Far-right politicians attract
voters with xenophobic and racist advertising. They invite voters to
hate foreigners and minorities by
attracting attention to and exaggerating negative attributes of foreign
cultures, conveniently
forgetting or underestimating the negative attributes of their own
culture.
They claim that immigrants are taking our jobs and
diluting our
culture, they are sexist and impolite, and they don't want to learn our
language. In fact, immigrants are enriching our culture (just think of
restaurants and the arts), doing jobs the locals don't want to do
(cleaning toilets and so on), and often
paying more into the system than they get out (paying taxes like
everyone else and emigrating before getting a pension).
The far right correctly criticizes the centre right and the
centre
left, and their grand centrist coalitions (at least in Austria) that
seem to guarantee that
nothing changes.

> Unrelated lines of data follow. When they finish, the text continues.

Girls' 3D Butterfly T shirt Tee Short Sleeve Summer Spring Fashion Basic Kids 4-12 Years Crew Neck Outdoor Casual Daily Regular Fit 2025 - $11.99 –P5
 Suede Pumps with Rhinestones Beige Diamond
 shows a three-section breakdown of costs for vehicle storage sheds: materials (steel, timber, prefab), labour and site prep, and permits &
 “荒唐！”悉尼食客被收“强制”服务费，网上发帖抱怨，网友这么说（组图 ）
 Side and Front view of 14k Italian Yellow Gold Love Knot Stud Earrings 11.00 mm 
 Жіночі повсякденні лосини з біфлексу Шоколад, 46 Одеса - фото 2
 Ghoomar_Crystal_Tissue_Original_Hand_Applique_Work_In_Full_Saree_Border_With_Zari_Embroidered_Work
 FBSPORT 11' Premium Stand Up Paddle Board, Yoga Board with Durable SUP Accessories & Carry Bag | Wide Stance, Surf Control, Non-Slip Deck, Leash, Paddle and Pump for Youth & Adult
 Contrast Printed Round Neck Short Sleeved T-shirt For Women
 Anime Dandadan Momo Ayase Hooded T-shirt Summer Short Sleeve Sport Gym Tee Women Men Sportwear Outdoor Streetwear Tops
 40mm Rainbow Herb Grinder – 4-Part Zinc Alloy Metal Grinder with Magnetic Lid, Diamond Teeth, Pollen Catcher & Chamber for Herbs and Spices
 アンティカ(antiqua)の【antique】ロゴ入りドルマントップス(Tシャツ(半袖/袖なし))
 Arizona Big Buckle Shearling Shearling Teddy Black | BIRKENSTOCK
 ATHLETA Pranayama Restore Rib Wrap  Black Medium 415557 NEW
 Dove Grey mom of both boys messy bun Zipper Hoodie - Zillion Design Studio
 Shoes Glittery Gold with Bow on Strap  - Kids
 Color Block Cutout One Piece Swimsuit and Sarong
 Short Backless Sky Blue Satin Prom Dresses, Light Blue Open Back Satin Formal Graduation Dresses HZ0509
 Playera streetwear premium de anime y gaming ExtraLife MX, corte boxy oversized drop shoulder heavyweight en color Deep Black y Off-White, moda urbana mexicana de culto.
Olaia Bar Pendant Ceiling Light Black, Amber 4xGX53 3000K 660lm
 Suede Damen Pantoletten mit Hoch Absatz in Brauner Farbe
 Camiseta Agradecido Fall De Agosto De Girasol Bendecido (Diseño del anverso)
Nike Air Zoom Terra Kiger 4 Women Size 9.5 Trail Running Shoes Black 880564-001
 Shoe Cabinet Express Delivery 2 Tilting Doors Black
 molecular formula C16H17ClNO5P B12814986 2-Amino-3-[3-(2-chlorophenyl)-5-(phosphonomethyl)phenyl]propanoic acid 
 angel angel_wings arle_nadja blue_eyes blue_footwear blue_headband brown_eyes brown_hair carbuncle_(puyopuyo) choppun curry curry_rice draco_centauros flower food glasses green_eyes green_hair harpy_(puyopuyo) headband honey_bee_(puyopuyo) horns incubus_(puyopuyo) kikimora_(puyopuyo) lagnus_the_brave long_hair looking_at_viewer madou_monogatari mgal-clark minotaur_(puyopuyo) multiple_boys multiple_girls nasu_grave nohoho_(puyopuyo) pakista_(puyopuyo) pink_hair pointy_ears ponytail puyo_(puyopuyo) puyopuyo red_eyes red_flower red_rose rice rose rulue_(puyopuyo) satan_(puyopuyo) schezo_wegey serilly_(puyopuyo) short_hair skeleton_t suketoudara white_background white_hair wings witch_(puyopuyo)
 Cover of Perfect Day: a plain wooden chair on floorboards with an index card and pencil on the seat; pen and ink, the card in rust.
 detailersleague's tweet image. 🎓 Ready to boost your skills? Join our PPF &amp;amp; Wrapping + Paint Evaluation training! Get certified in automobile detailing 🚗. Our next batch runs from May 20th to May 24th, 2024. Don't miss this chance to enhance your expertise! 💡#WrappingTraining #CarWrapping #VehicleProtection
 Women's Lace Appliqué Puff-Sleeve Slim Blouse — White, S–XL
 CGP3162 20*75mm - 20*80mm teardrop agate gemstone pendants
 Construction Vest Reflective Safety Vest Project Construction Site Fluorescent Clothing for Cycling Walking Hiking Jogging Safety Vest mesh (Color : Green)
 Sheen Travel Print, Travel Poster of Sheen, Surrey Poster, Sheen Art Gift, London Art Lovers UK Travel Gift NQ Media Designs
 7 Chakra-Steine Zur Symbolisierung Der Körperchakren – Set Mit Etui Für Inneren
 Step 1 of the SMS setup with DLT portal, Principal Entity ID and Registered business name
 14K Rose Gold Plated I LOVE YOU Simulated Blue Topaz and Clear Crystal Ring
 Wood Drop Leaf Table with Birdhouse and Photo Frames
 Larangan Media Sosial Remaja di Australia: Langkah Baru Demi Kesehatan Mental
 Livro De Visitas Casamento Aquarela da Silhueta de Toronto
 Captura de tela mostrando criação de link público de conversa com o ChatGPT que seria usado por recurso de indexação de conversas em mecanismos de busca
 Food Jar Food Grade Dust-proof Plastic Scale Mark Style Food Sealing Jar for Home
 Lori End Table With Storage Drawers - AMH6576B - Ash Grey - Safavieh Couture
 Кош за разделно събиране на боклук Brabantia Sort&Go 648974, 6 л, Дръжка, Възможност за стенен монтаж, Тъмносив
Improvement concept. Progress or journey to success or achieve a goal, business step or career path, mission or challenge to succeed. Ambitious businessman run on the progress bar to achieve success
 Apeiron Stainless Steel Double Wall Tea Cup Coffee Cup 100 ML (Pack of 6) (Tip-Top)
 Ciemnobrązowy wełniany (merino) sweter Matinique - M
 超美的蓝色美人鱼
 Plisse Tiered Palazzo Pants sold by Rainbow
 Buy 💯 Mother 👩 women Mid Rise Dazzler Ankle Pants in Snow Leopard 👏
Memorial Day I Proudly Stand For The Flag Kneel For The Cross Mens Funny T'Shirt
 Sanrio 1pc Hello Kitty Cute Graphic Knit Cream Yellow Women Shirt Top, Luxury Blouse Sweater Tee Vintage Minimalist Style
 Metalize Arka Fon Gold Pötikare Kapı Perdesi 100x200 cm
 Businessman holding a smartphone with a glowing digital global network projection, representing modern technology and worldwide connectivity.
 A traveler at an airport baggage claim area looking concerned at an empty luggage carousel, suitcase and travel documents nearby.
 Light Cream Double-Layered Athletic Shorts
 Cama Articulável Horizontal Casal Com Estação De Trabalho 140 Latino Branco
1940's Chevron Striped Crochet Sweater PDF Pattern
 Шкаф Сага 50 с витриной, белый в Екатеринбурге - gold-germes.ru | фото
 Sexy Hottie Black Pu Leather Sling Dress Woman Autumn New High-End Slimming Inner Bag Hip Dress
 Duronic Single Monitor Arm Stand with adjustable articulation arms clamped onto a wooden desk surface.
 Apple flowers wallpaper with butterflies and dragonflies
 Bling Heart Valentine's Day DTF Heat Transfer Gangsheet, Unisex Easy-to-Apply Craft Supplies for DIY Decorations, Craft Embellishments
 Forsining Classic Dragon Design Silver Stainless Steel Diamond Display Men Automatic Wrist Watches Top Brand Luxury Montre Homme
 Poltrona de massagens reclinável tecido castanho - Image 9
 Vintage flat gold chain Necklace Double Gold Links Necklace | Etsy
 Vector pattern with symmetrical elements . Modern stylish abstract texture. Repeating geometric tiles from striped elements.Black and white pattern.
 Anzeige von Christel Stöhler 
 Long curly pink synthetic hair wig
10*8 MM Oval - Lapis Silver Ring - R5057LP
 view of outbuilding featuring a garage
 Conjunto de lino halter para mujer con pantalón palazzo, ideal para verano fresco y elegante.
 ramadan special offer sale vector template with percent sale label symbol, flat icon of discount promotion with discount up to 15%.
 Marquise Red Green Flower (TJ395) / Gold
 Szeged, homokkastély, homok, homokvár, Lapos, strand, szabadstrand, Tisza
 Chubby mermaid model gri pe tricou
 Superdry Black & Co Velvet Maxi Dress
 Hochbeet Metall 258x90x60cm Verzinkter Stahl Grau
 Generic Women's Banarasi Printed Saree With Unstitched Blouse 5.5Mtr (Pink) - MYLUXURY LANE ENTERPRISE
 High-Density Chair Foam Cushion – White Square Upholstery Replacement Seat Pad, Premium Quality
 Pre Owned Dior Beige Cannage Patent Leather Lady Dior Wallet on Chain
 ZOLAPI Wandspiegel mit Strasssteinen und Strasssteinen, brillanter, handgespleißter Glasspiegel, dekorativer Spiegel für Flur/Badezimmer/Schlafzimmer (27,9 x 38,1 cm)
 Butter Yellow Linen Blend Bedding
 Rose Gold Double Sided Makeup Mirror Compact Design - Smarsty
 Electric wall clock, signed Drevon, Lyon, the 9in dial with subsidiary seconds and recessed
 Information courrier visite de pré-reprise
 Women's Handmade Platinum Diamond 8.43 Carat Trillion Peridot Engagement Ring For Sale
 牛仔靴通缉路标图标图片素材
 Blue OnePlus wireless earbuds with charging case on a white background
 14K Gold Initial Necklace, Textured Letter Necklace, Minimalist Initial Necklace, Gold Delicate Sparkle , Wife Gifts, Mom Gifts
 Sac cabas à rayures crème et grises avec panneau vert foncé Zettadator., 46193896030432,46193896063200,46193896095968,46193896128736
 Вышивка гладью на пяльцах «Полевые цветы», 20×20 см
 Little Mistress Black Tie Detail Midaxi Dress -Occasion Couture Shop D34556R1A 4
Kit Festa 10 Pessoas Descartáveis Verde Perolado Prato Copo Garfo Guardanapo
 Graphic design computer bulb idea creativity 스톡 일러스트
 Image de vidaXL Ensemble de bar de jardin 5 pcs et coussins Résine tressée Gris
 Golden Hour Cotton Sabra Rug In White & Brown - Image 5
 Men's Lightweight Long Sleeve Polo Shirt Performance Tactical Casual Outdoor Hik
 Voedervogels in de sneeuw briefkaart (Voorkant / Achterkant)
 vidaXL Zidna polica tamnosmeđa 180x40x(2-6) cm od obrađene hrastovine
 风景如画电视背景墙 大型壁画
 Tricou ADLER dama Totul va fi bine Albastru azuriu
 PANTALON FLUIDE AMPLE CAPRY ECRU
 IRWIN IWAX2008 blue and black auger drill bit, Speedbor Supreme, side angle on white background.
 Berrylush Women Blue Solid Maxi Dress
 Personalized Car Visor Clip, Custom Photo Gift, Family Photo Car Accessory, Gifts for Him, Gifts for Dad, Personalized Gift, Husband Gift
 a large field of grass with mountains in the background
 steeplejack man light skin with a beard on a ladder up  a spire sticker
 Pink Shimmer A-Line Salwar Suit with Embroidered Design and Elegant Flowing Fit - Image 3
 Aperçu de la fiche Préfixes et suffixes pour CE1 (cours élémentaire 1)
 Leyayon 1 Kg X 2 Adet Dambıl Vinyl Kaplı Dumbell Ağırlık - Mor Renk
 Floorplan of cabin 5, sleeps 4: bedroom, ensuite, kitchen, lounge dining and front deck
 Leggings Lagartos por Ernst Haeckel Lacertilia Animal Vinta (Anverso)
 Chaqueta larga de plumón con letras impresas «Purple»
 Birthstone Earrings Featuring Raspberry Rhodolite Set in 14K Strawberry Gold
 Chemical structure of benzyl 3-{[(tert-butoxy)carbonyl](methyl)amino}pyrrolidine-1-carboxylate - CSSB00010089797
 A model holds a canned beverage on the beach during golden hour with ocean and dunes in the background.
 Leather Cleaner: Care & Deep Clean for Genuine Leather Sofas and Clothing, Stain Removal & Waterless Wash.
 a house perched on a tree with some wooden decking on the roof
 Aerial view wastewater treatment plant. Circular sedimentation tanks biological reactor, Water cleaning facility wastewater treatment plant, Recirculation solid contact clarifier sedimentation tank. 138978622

But the arguments are misleading. The main problem is
the growing gap between rich
and poor, which is causing a cascade of economic, social and political
problems. The centre right is helping the rich to evade or
avoid
taxation. The centre left is
failing to force the rich to pay reasonable amounts of tax. These are
the
main reasons why social services are getting worse, wages less
equitable, and unemployment higher. Without tax, there is no budget.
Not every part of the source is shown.